Find a notebook small enough to slide into your shirt pocket, or your back pocket, the pocket on your jeans; small enough to lose in the depths of your purse or slip in a tiny purse next to your ID and credit card when you go out dancing. It works best if it can be there, with you, when you don't know it's there.
This notebook might cost 79 cents out of a bin. You could lift it from a hotel lobby or bedside, where housekeeping arranged it near the phone. Maybe on a flush day you'll spend $4.95 or even $8 at the art museum so your notebook can sport a yellow-toned reproduction of van Gogh with his bandaged ear or one of Toulouse-Lautrec's dancers kicking up a heel.
It's all the same. That's the cover.
What matters is that it has paper inside, and you've already scored a pen. Feel the cover between your index finger and your thumb. Open your notebook. Uncap your pen.
My father grew up on Portland's Eastside, in a part of town some call Felony Flats. His mother, my grandmother, said there was a time when she and her husband used to cook over "a hole in the ground where steam came out." I don't know what that hole in the ground was. I don't know what kind of steam she cooked over, or why they didn't build a fire, but from the sound of everything, my father's parents were broke and young.
My father, Albert Drake, a.k.a. Bud Drake, started writing things down as soon as he could write. Nobody around him was even reading much. He'd keep a tiny notebook, write down what he had for lunch. Maybe on a fanciful day he'd write down what he dreamed of for Christmas.
When I was a kid, on a walk in the woods with my dad, if we'd see something, I'd look to see if he'd pull a notebook from his shirt pocket and write a note. Sometimes I'd ask, "Aren't you going to write that down?"
Now he's 78 and he still writes things down. Actually, he's been honored with a spot in The Best American Short Stories, for a story called "The Chicken That Became a Rat," that's in his collection, Tillamook Burn. He wrote a novel, Beyond the Pavement, a book called Street Was Fun in '51, and one called I Remember the Day James Dean Died. More often these days, he writes automotive history. If you want to know anything about the old days of autos, if you want to know where my dad's notebook and a few cars have taken him, you can check it out here.
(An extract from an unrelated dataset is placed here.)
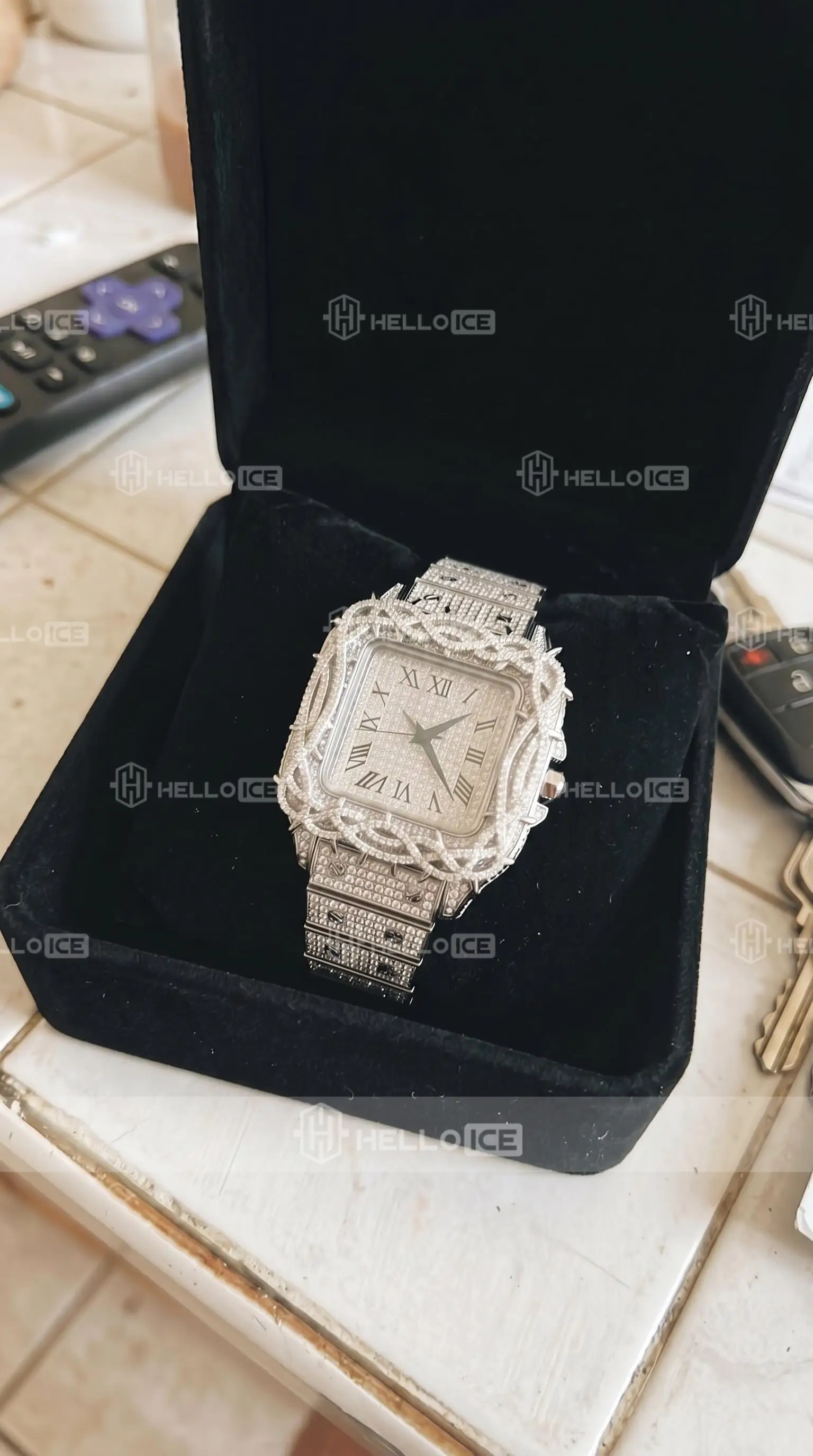 Helloice Review Image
The poet Richard Hugo said, in a documentary by Annick Smith, that he was raised by his grandmother. She went to bed early. He'd stay up and write. He said, "...putting words down on paper to amuse myself. That's writing."
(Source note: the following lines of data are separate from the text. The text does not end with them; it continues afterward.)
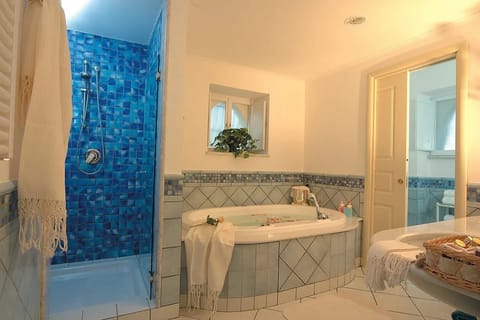 Suite Giardino | Bathroom | Free toiletries, hair dryer, bathrobes, slippers
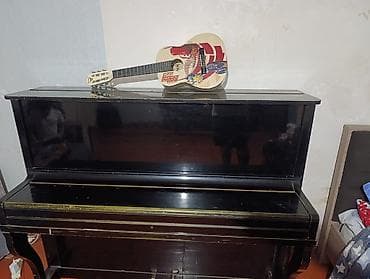 real gitara: Pianino "Ukraina" (Україна) – Qara rəngdə Səliqəli işlədilmiş — 1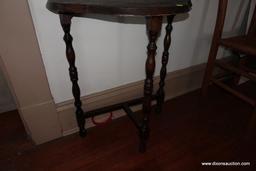 VINTAGE DEMILUNE SIDE TABLE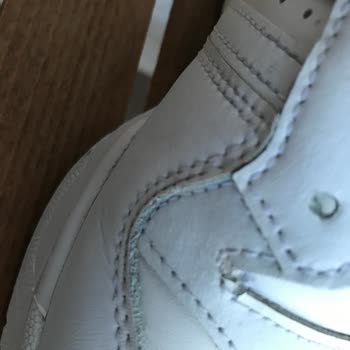 Adidas Ayakkabıda Dikiş Patlaması Ve Deri Yırtılması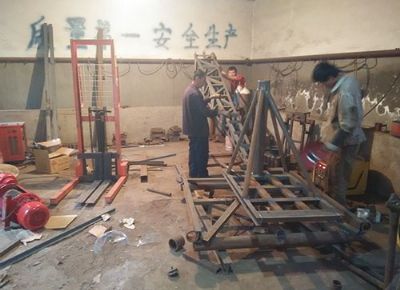 點擊查看詳細信息<br>標題：華友機械多用途吊J 閱讀次數(shù)：7956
I love that definition. Those words you put down? They should amuse yourself first.
Keep your notebook close at hand. Maybe you'll overhear a stranger, a friend, or a strange friend, say something like, "It's my one desire, to feel," and instead of answering, you have to think about that. You'll want to write it down. Maybe you're at a lecture — say it's a Rebecca Solnit lecture — and speaking from the podium, she says, "The one thing an optimist and a pessimist have in common is that they both think they know the future." Write that down. Carry it with you.
Not everything needs to be poured into social media on the spot. It's not all worth spitting out fast. Hang on to a few words. Let them settle. Let them knock against each other, until they form new ideas.
The process of writing keeps you reaching toward a larger vision, that greater understanding. Start with a notebook, and a pen.
My mother, Barbara Drake, is a writer, too. She's the author of the essay collection Peace at Heart, about Oregon country living. She's also a poet, with books out like Love at the Egyptian Theatre and more. I don't know when exactly she takes notes. She doesn't quite let on. I'd guess they're on her computer, or in a full-sized hardbound notebook.
Sometimes I have a notebook; sometimes I'm without. But there's always material drifting past, floating by, the rich river of inspiration. A notebook can contain a bit of it, like dipping a jar in a creek.
My father built his life with words. He moved himself from poverty to a solid career, health insurance for life. He met my mom, and they became writers together. She made her life out of writing, too. Now my husband is a writer, Kassten Alonso, with a new book out called The Pet Thief. I'm doing what I can, with two books out in the world. Our young daughter has started "putting words on the page to amuse herself," along with a small circle of friends — her writing workshop in the making, I can tell. Writing is more than a practice. It's a vision, an interpretation of existence, a way of life. I have drafts, pages, essays, ideas, so much more, always, at home.